All the patients were given a preoperative visit the night before surgery, and the demographic information of eligible participants was collected. The patients were subjected to an 8-hour preoperative fasting period (NPO). For premedication, the participants were administered 1 mg of lorazepam the night before the operation and an additional dose 2 hours preoperatively. One hour before surgery, 5 mg of morphine was intramuscularly injected for all the patients. Ringer’s solution (500 mL) was administered to all the patients 1 hour before anesthesia induction. The subjects also received narcotic sufentanil (1 μg/kg), cisatracurium (0.2 mg/kg), and midazolam (2 mg) as a sedative before anesthesia induction. During anesthesia, additional sedatives were administered. Specifically, the first group received midazolam (0.15 mg/kg), the second group received etomidate (0.2 mg/kg), and the third group received propofol (1.5 mg/kg).
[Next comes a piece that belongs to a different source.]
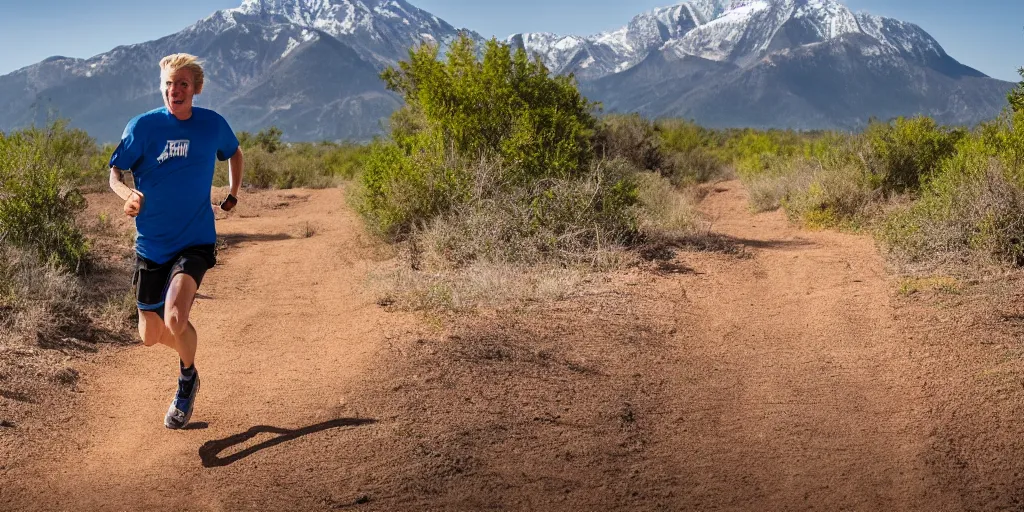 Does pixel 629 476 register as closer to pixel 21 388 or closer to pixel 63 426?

In the operating room, standard monitoring, including continuous electrocardiography, was instituted, and arterial line catheters were uniformly placed for all the patients. SBP, DBP, MABP, and HR were recorded before anesthesia induction, following intubation (3 minutes after induction), and 5 minutes after intubation. Ultimately, these variables were analyzed to compare the hemodynamic stability and drug performance within each group.
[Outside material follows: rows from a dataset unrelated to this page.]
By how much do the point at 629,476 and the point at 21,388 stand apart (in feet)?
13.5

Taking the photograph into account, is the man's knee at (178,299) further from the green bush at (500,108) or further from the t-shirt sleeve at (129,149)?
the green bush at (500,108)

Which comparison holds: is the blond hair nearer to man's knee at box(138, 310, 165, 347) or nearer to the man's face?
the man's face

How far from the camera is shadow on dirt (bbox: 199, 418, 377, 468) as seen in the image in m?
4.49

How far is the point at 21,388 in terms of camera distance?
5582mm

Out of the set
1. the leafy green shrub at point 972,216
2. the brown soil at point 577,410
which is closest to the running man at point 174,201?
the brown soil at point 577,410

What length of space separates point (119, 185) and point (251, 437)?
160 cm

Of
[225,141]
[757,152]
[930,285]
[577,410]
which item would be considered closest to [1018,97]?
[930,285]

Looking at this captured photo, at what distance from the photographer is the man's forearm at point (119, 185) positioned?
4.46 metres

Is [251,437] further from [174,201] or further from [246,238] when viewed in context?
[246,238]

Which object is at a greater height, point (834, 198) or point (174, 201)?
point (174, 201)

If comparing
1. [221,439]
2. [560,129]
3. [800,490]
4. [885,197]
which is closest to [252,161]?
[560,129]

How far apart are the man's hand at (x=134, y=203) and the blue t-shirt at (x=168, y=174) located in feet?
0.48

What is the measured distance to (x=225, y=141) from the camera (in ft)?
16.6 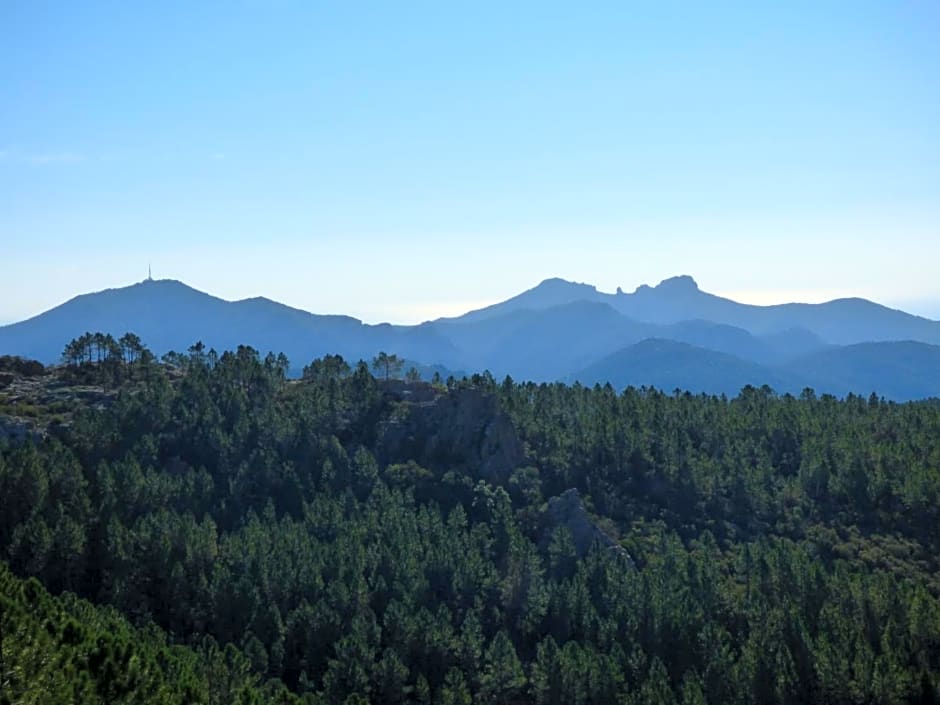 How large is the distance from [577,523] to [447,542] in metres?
18.5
The normality of data distribution was ascertained through the Kolmogorov-Smirnov test and tests of equality of variances (Levene’s test). Subsequently, paired t, one-way ANOVA, and repeated measure ANOVA tests were employed to compare variable means. Additionally, a χ2 statistic was utilized to assess the frequency differences across the 3 groups. Data analysis was executed using IBM SPSS statistical software, version 16 (Build 1.0.0.1347; IBM, New York, USA), with a 95% confidence interval. An intention-to-treat approach was adopted for the analysis.
Results
This double-blind clinical trial randomly divided 90 patients undergoing CABG into 3 groups of 30 participants each, receiving propofol, etomidate, or midazolam. Women and men accounted for 74.4% and 25.6% of the study population, with a mean age of 60.83 years.
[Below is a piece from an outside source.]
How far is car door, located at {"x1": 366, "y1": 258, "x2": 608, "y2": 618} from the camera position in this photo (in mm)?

Table 1 presents a comparison of baseline hemodynamic variables before anesthesia induction and demographic characteristics across the 3 groups. The findings revealed that the studied patients did not exhibit statistically significant differences concerning their demographic characteristics or key hemodynamic parameters, such as HR (P=0.252), SBP (P=0.877), DBP (P=0.057), and MABP (P=0.368). Nevertheless, distinctions were observed concerning ejection fraction (P=0.006). To account for the influence of differing ejection fractions at baseline, the variable was treated as a covariate in subsequent analyses.
Table 1.
Comparisons of the hemodynamic basal variables before the induction of anesthesia and demographic variables among the 3 drug groups
| Variable | Groups | P | ||
|---|---|---|---|---|
|
|
|
|
||
| Propofol (n=30) | Etomidate (n=30) | Midazolam (n=30) | ||
| Sex (%) | ||||
| Female | 23 (76.7) | 24 (80.0) | 20 (66.7) | 0.474 |
| Male | 7 (23.3) | 6 (20.0) | 10 (33.3) | 0.474 |
| Age (y) | 58.81±9.72 | 61.51±8.50 | 62.20±8.77 | 0.305 |
| BMI (kg/m2) | 26.88±2.90 | 26.22±4.00 | 27.00±4.61 | 0.676 |
| EF (mg/dL) | 48.81±7.01 | 41.28±10.71 | 44.52±8.19 | 0.006 |
| MABP (mm Hg) | 99.44±13.19 | 93.45±17.81 | 95.33±17.91 | 0.368 |
| SBP (mm Hg) | 147.91±25.90 | 148.47±29.21 | 151.38±29.41 | 0.877 |
| DBP (mm Hg) | 69.80±10.81 | 63.29±13.61 | 62.30±14.11 | 0.057 |
| HR (bpm) | 78.89±17.00 | 84.09±13.89 | 77.74±15.90 | 0.252 |
*The P value was calculated using ANOVA and χ2 statistic tests at 95% levels of confidence intervals.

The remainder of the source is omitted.